Research

You can see my Curriculum Vitae here

  • An unintended effect of school entrance age: pushing children ahead through private school. Journal Population Economics (2025), 38, 5.

    The Effect of Spouses’ Relative Education on Household Time Allocation. Southern Economic Journal (2023), 89(3), 788-829.

    Female Politicians and Corruption in Rural India, with Somdeep Chatterjee and Shiv Hastawala (accepted at the European Journal of Political Economy)

    This paper leverages random assignment of female quotas for leadership positions on Indian village councils to assess its causal effect on corruption. Since the mid-1990s, India has mandated that at least one third of village council chief positions be randomly reserved for women. Using data from the Rural Economic and Demographic Survey (REDS) 2006, we find that an additional term reserved for a female head as opposed to just a single one reduces both the occurrence and amount of bribes paid to the local government by households. This reduction is also observed in bribes paid to other local officials suggesting downstream effects of electing female officials on corruption. As a potential mechanism, we provide speculative evidence that it takes time for women political leaders to establish and settle, and when they are able to do so, they appear more efficient and trans- parent, especially in terms of selecting households as beneficiaries for government programs.

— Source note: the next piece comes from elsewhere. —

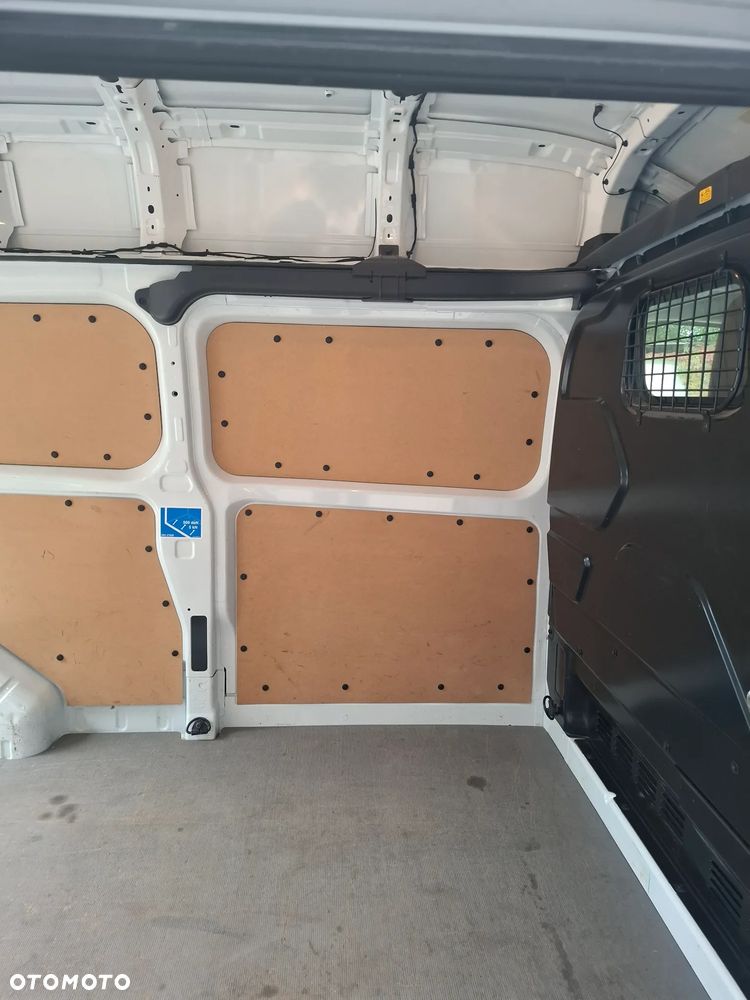 Ford TRANSIT CUSTOM - 18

  • Foreign Accents and Employer Beliefs: Experimental Evidence on Hiring Discrimination, with Ozlem Tonguc, Maria Zhu and Nicola Miller (under review; previously presented under the title “The Effects of a Foreign Accent on Hiring Discrimination”)

    This study investigates whether employers in an online hiring experiment exhibit discrimination based on workers' accents that indicate English is not their primary language. To assess accent bias, we implement a randomized treatment design in which participants acting as employers are assigned to one of two conditions: a treatment where the worker's accent is revealed (“Accent Revealed”) or a control where it is not (“Accent Blind”). Using incentive-compatible methods, we elicit employers' beliefs about the productivity of randomly assigned workers, providing brief demographic information and audio clips that either reveal or mask accent characteristics. We evaluate worker productivity in two skills: Mathematics and Verbal reasoning. We find that employers rate accented workers as less capable than their non-accented counterparts in both skills, and this gap persists after providing employers with a signal of a worker's test score. Employers also display lower willingness to pay, particularly in Verbal skills tasks, even when provided with performance signals.

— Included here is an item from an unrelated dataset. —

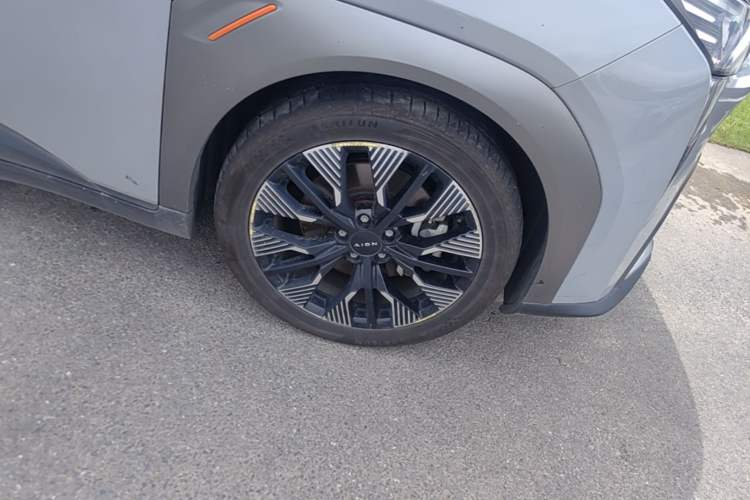 Used AION Y 2021 70 Intelligent Dynamic Edition Right Front Wheel Hub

    The Skills of Rich and Poor Country Workers, with David Slichter and Daniela Monge

    What specific types of skills – e.g., scientific knowledge, math, or social skills – do workers raised in rich countries have that workers from poor countries lack? We investigate using information on occupation choices of immigrants. To an approximation, rich country workers are better at exactly those skills which are well-compensated in the U.S. economy, and in proportion to how well-compensated those skills are. Specifically, this means that rich country workers have the greatest advantages in skills related to the ability to generate new ideas (e.g., creativity and critical thinking), and that rich country workers’ skills align especially closely with the skills used in management occupations. Lastly, we find that workers from rich countries are more varied in their skills (e.g., what one Canadian is good at is different from what another Canadian is). These findings do not appear to be accounted for by the non-randomness of immigration or mismeasurement of skills. Our results are consistent with the view that international differences in skills arise primarily in response to differences in demand for skills.

    The Effect of Fertility on Women’s Labor Supply: Heterogeneity by Gender Norms (under review)

    This paper examines whether fertility's effect on women's labor supply is influenced by gender norms. To separate the role of gender norms from institutional features, I analyze the labor supply responses to childbearing among women in the United States, contrasting those born domestically with those born abroad. This includes a comparison between native and immigrant women, and further, among immigrants, between those from less and more gender-egalitarian countries. The variable of interest, having more than two children, is instrumented using the sex composition of the first two children. The findings indicate that women from all countries experience a reduction in employment in response to having more than two children. Moreover, the instrumental analysis reveals this effect to be quantitatively larger for women from less gender-egalitarian countries. Consequently, the results suggest that the negative effect of fertility on employment decreases with increased gender egalitarianism.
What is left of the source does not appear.